■ **ACTIVITY**
Search term "Photo": copy each line of the data containing it.

■ **DATASET RECORDS**
___

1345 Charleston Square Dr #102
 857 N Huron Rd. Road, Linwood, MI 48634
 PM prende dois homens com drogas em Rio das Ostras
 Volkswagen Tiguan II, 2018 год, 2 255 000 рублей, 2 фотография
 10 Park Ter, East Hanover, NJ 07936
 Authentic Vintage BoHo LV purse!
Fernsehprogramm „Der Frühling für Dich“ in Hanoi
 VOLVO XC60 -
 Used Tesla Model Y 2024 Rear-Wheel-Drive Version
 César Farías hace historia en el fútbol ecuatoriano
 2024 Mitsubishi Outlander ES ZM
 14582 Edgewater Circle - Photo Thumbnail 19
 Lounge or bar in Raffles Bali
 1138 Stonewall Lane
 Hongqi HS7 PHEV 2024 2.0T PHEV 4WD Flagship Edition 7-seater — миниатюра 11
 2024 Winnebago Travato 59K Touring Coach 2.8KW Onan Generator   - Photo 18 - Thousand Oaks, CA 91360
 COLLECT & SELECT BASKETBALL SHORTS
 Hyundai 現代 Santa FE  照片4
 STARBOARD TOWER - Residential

___

■ **SOLUTION TO THIS EXERCISE**
 14582 Edgewater Circle - Photo Thumbnail 19
 2024 Winnebago Travato 59K Touring Coach 2.8KW Onan Generator   - Photo 18 - Thousand Oaks, CA 91360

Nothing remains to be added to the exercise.